Action item: Copy out the line that contains "Oybin Berg Oybin" and the lines after it through the final one in the entries below, exactly, with no other lines.
────────────────────────────────────────
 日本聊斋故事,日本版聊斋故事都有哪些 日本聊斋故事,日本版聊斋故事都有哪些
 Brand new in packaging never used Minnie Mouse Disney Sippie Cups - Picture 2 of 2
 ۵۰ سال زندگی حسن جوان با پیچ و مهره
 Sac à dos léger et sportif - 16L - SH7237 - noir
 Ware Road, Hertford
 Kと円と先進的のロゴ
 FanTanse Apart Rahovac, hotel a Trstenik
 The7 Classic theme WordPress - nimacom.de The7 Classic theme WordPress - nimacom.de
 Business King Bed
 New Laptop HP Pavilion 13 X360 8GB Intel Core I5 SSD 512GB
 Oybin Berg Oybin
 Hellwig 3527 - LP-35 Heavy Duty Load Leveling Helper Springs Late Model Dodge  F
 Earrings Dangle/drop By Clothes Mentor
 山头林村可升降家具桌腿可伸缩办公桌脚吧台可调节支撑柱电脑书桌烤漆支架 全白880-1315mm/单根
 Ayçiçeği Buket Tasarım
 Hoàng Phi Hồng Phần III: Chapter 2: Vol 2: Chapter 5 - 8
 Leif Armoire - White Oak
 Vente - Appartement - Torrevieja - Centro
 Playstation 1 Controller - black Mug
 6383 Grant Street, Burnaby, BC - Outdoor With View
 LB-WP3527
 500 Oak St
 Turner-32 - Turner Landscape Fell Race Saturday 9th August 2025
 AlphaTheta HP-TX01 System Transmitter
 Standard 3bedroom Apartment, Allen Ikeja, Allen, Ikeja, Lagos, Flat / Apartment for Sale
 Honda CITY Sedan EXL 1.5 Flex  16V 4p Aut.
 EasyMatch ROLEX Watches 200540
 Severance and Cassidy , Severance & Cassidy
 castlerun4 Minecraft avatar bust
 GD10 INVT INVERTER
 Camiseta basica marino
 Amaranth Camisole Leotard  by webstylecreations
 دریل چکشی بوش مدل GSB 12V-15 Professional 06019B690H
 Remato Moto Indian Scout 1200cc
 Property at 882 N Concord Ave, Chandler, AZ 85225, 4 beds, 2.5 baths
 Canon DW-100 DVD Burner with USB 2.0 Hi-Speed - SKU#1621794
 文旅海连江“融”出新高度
────────────────────────────────────────
Output for this exercise:
 Oybin Berg Oybin
 Hellwig 3527 - LP-35 Heavy Duty Load Leveling Helper Springs Late Model Dodge  F
 Earrings Dangle/drop By Clothes Mentor
 山头林村可升降家具桌腿可伸缩办公桌脚吧台可调节支撑柱电脑书桌烤漆支架 全白880-1315mm/单根
 Ayçiçeği Buket Tasarım
 Hoàng Phi Hồng Phần III: Chapter 2: Vol 2: Chapter 5 - 8
 Leif Armoire - White Oak
 Vente - Appartement - Torrevieja - Centro
 Playstation 1 Controller - black Mug
 6383 Grant Street, Burnaby, BC - Outdoor With View
 LB-WP3527
 500 Oak St
 Turner-32 - Turner Landscape Fell Race Saturday 9th August 2025
 AlphaTheta HP-TX01 System Transmitter
 Standard 3bedroom Apartment, Allen Ikeja, Allen, Ikeja, Lagos, Flat / Apartment for Sale
 Honda CITY Sedan EXL 1.5 Flex  16V 4p Aut.
 EasyMatch ROLEX Watches 200540
 Severance and Cassidy , Severance & Cassidy
 castlerun4 Minecraft avatar bust
 GD10 INVT INVERTER
 Camiseta basica marino
 Amaranth Camisole Leotard  by webstylecreations
 دریل چکشی بوش مدل GSB 12V-15 Professional 06019B690H
 Remato Moto Indian Scout 1200cc
 Property at 882 N Concord Ave, Chandler, AZ 85225, 4 beds, 2.5 baths
 Canon DW-100 DVD Burner with USB 2.0 Hi-Speed - SKU#1621794
 文旅海连江“融”出新高度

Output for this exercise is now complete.